WORK TO COMPLETE. Set down the entries again word for word, without any of the images.

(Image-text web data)
--- START ---

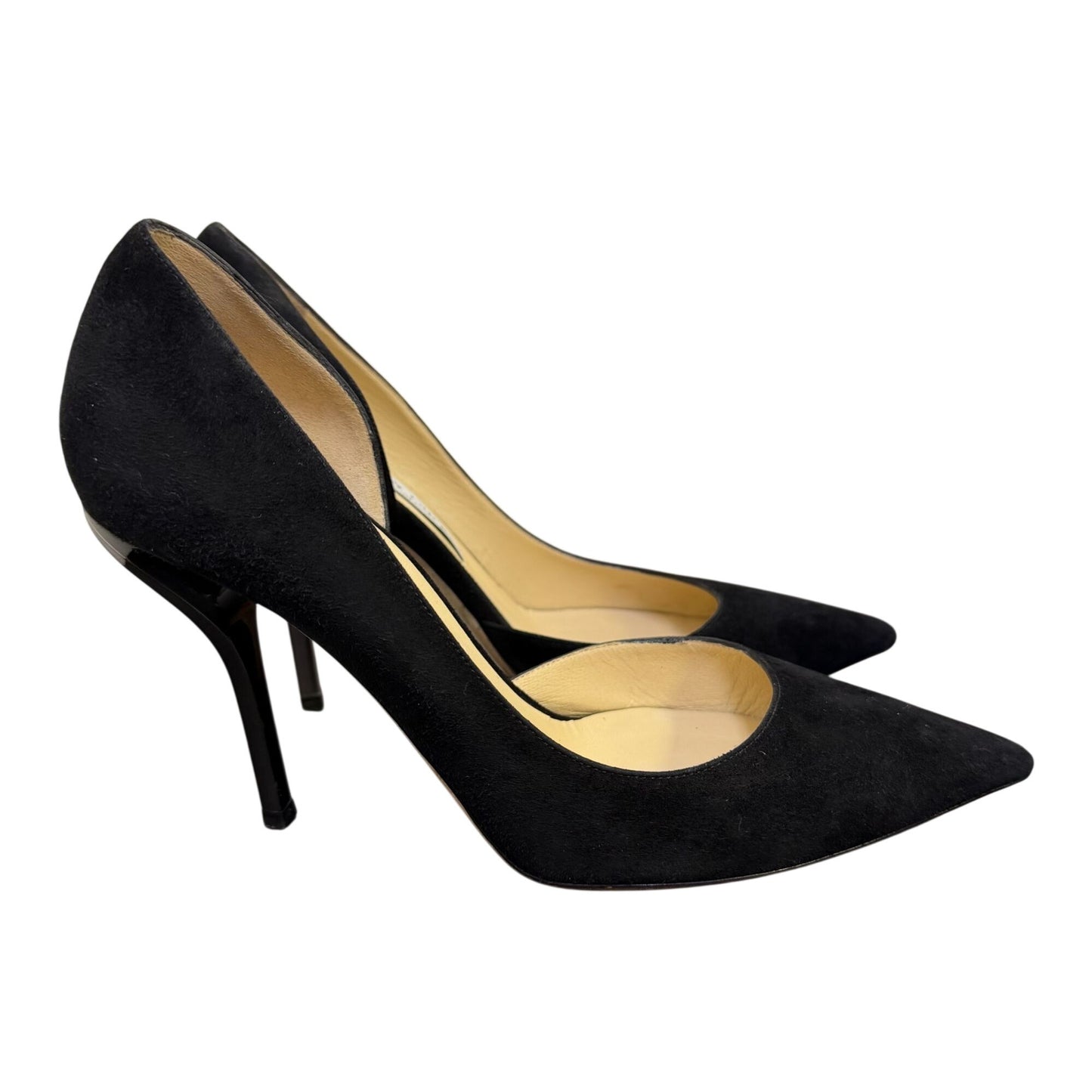 Jimmy Choo Black Suede Pointed-Toe Stiletto Heels Size 8.5/38.5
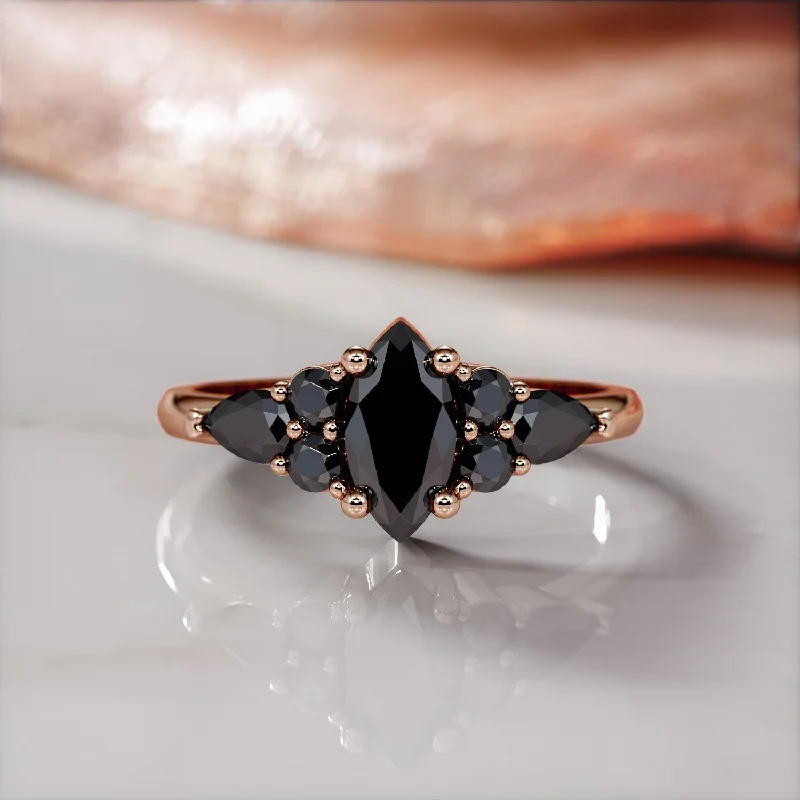 Adjustable Women's Diamond Rings with a Flexible Band for a Comfortable and Custom FitHidden Nodes -   Art Deco  Natural Black Diamond Marquise Engagement Ring  in Rose Gold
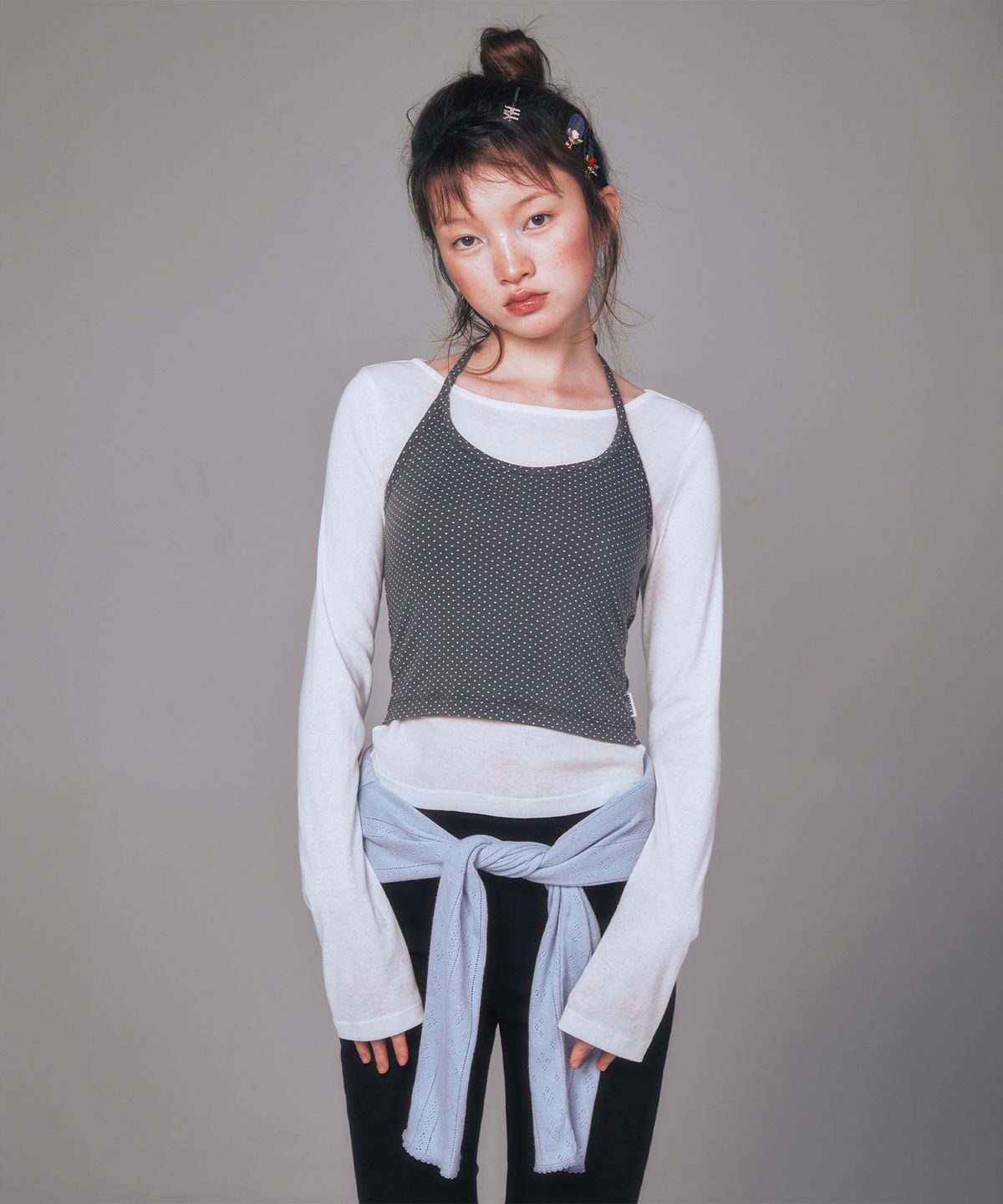 유희(YOUHEE) HALTER NECK LAYERED LONG SLEEVE WHITE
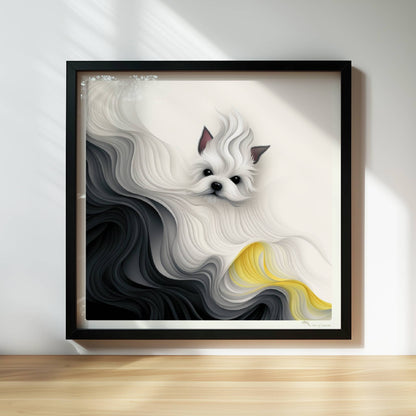 Stilisierter weißer Hund mit abstrakter Mähne in Schwarz und Gelb, fließendes Design.. Rahmen schwarz 30x30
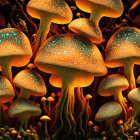 Enchanted forest with oversized mushrooms and small creatures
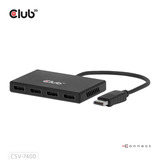 Club 3D DisplayPort Quad Monitor Hub MST 4x 4K30Hz displayport splitter Zwart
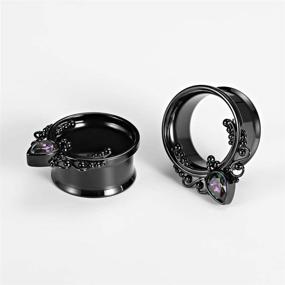 img 2 attached to 💎 TBOSEN Zircon Stainless Steel Ear Plugs Tunnels Expander | Ear Gauges Stretcher Piercing | Sizes 0g-1" (8mm-25mm) - 1 Pair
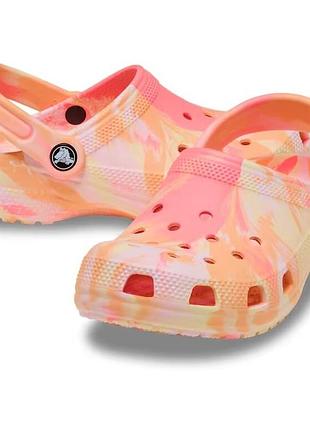 Crocs сабо подростковые детские classic marbled kids clog orang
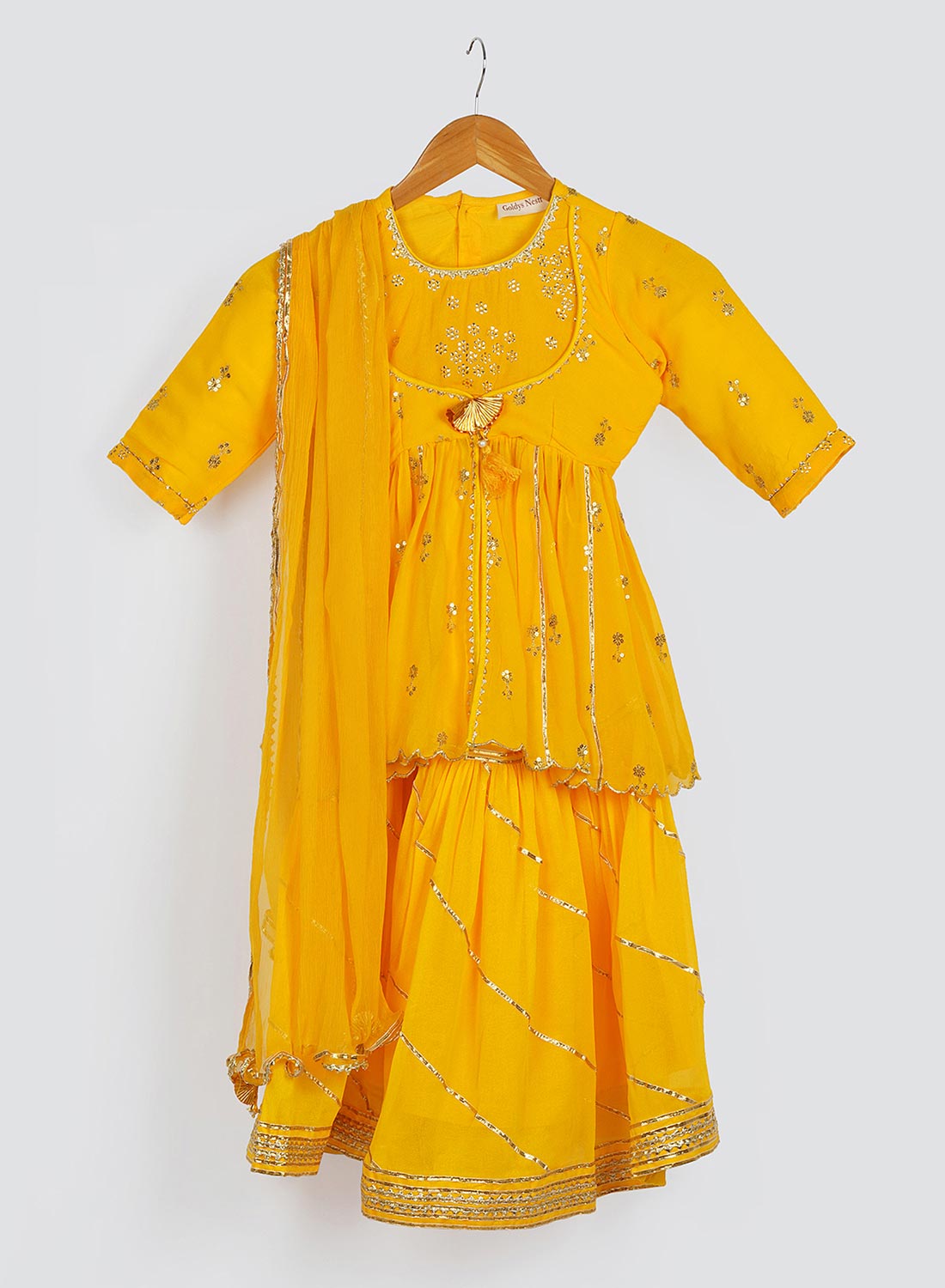 Kids Mustard Yellow Gold Handblock Sharara Set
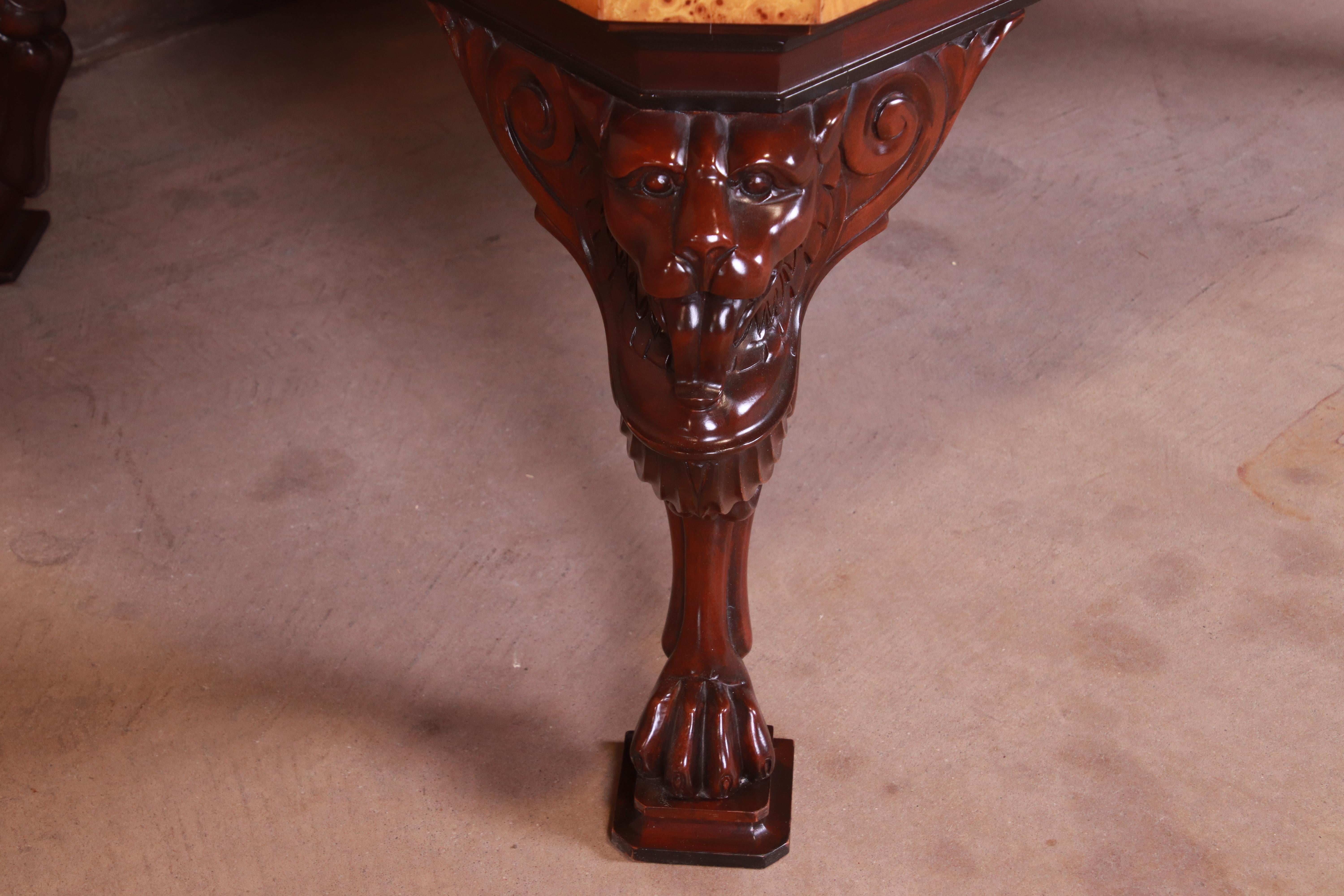 Baker Furniture Neoclassical Cocktail Table with Carved Lion Heads and Burl Top 1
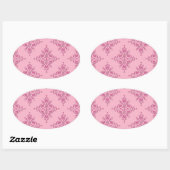 Sticker Ovale Douce Damask Rose (Feuille)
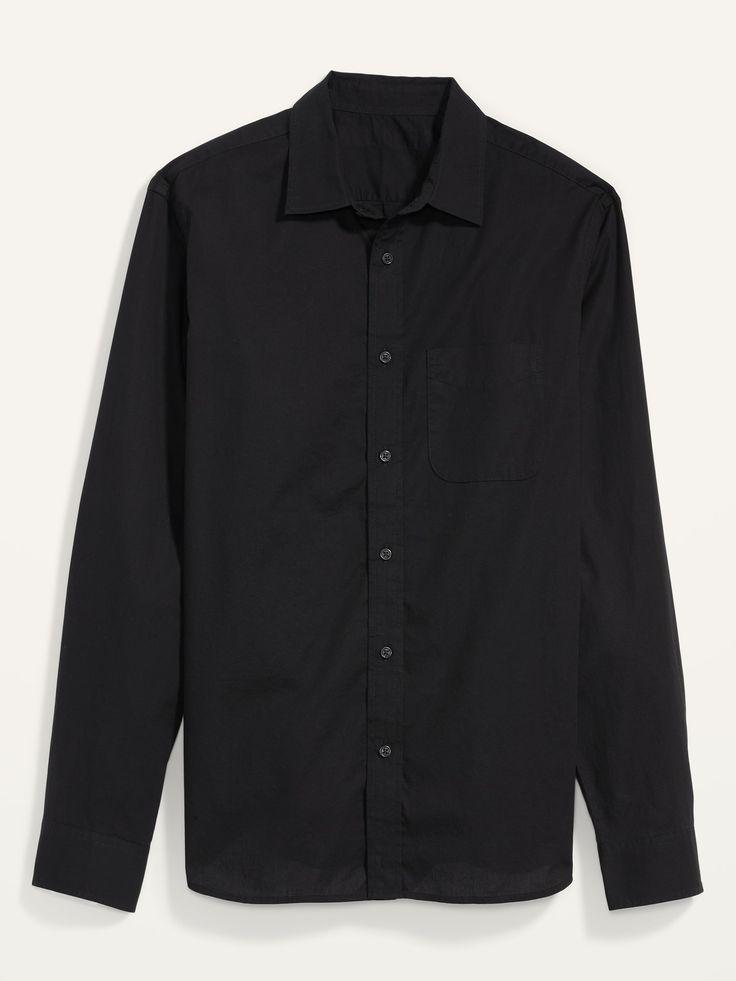 The Everyday Shirt for men is the button-down that puts in work eight days a week.  Spread collar.  Seamed back yoke, with center box pleat.  Long sleeves, with buttoned cuffs and buttoned sleeve plackets.  Seven-button placket.  Patch pocket at left Collar Bar Shirt, Bar Shirt, Collar Bar, Jordan Black, Cotton Poplin Shirt, Alexander Mcqueen Men, Mens Button Up, Jordans For Men, Designer Clothes For Men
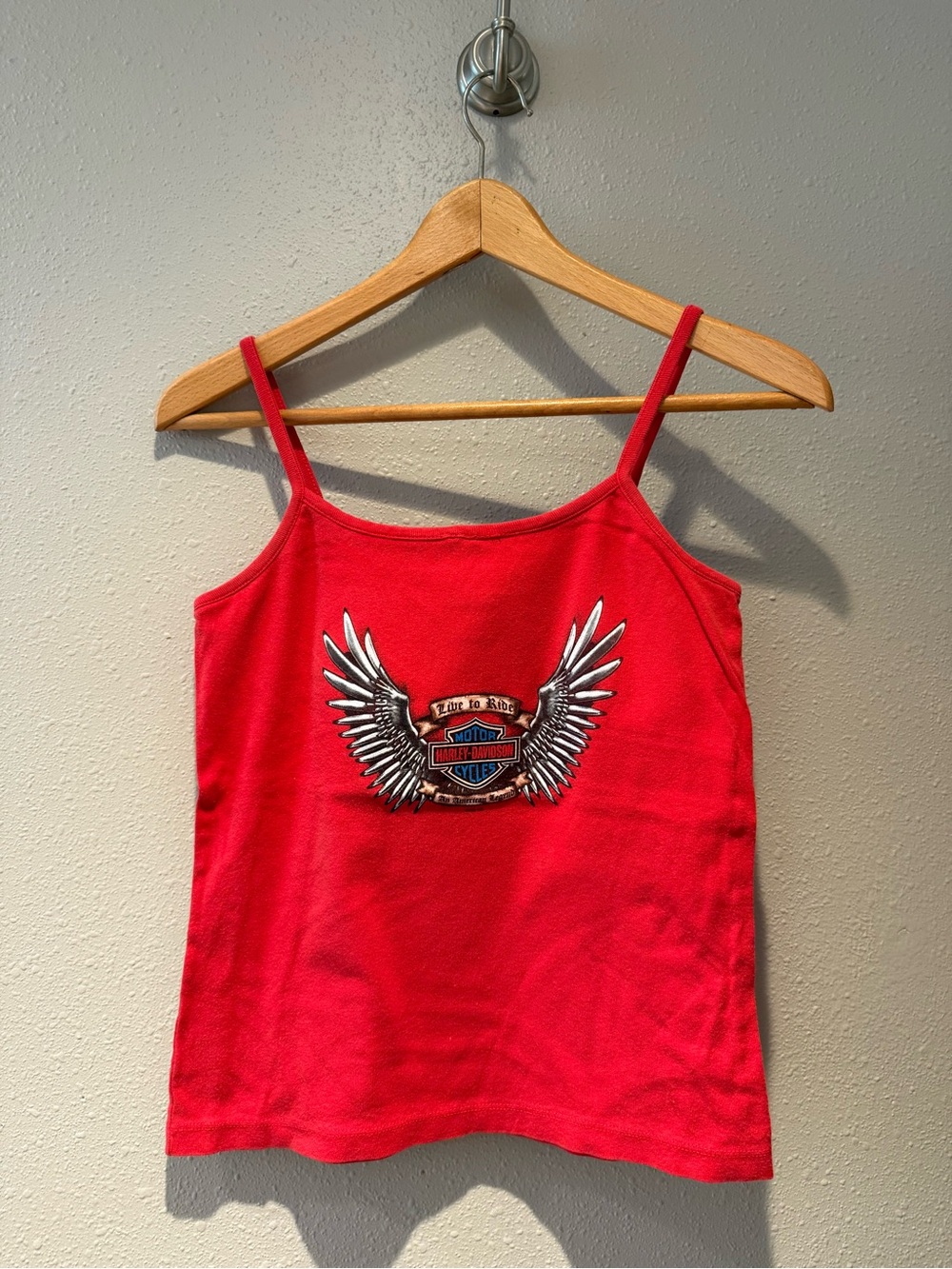 Harley-Davidson Red Live To Ride Winged Bar & Shield Tank Top Cami Size Large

--- END ---

COMPLETED TASK.
 Jimmy Choo Black Suede Pointed-Toe Stiletto Heels Size 8.5/38.5
 Adjustable Women's Diamond Rings with a Flexible Band for a Comfortable and Custom FitHidden Nodes -   Art Deco  Natural Black Diamond Marquise Engagement Ring  in Rose Gold
 유희(YOUHEE) HALTER NECK LAYERED LONG SLEEVE WHITE
 Stilisierter weißer Hund mit abstrakter Mähne in Schwarz und Gelb, fließendes Design.. Rahmen schwarz 30x30
 Enchanted forest with oversized mushrooms and small creatures
 Club 3D DisplayPort Quad Monitor Hub MST 4x 4K30Hz displayport splitter Zwart
 img 2 attached to 💎 TBOSEN Zircon Stainless Steel Ear Plugs Tunnels Expander | Ear Gauges Stretcher Piercing | Sizes 0g-1" (8mm-25mm) - 1 Pair
 Crocs сабо подростковые детские classic marbled kids clog orang
 Kids Mustard Yellow Gold Handblock Sharara Set
 Baker Furniture Neoclassical Cocktail Table with Carved Lion Heads and Burl Top 1
 Sticker Ovale Douce Damask Rose (Feuille)
 The Everyday Shirt for men is the button-down that puts in work eight days a week.  Spread collar.  Seamed back yoke, with center box pleat.  Long sleeves, with buttoned cuffs and buttoned sleeve plackets.  Seven-button placket.  Patch pocket at left Collar Bar Shirt, Bar Shirt, Collar Bar, Jordan Black, Cotton Poplin Shirt, Alexander Mcqueen Men, Mens Button Up, Jordans For Men, Designer Clothes For Men
 Harley-Davidson Red Live To Ride Winged Bar & Shield Tank Top Cami Size Large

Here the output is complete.